In response to the increasing centralization of planning, there is a demand for the involvement of local governments in placemaking by public interest groups like İstanbul Hepimizin Initiative and the Taksim Solidarity Platform. Formed in response to the momentum created by Gezi, these civil initiatives are bottom-up responses to the increasing centralization of the planning process. They advocate for local governance and participatory planning. “The reclamation of public space for the purpose of public use symbolizes a more democratic society, this is why there is so much at stake if this plan for Taksim is carried out,” argues architect Korhan Gümüš, a leading member of both groups.[7]
Even President Recep Tayyip Erdoğan, who characterizes the Gezi incidents as “an attempt to sabotage the Great Turkey,” seems to have recognized the importance of local representation. In late January, he convened several hundred muhtars—independent local governors who were the first elected officials of the Ottoman Empire in the 1830s—from throughout Turkey to discuss their role in governance.
Although local governments still have limited influence in placemaking, the Gezi resistance has been an unprecedented challenge to the transformation of public spaces conceived by a top-down agenda alone. A variety of organizations experimenting with self-governance have sprung up since Gezi, from the attempts of environmentalist groups such as Yedikule Bostanı Girişimi to revive old bostans—abandoned Ottoman-era urban gardens—to the very recent proliferation of neighborhood assemblies throughout the country. More fundamentally, the 7 June 2015 elections brought a more diverse parliament, reflecting peoples’ demand for more participatory politics. As post-election euphoria wears off, however, Turkey will have to contend with this new diversity of voices, and public spaces will continue to be a laboratory for more pluralistic governance.

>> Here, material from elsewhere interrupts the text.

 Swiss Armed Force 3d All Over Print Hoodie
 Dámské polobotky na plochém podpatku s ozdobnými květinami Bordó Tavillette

In the polis, to be free meant “neither to rule nor to be ruled,” writes Arendt.[8] Freedom exists, then, only when one is able to leave the “private” realm of the household and enter the “public” realm of the political sphere, where all are equals. While Taksim remains in a state of flux, its future unknown, the meydan’s unruly nature has initiated a discussion that is prompting many with their micro causes to think about what the “public” realm means in Turkey and to possibly create their own spaces of autonomy.
Endnotes
[1] Hannah Arendt, The Human Condition (Chicago: University of Chicago Press, 1958), 198-199.
[2] Atlar, Akif Burak, Interview with author. Istanbul, November, 2014.
[3] Haldun Hürel, Istanbul’un Ansiklopedik Öyküsü (Istanbul: Kapı Yayınları, 2008), 754.
[4] Sinan Povlan and Neslihan Aydin Yönet, “Story of Taksim Square’s Transformation: “From Death’s stillness to life’s Hubbub” (paper presented at 14th International Planning History Society Conference “Urban Transformation: Controversies, Contrasts and Challenges,” Istanbul, July 12-15, 2010).
[5] Yapıcı, Mücella. Interview with author. Istanbul, January, 2015.
[6] Arendt, The Human Condition, 57.
[7] Gümüš, Korhan. Interview with author. Istanbul, October 2014.
[8] Arendt, The Human Condition, 32.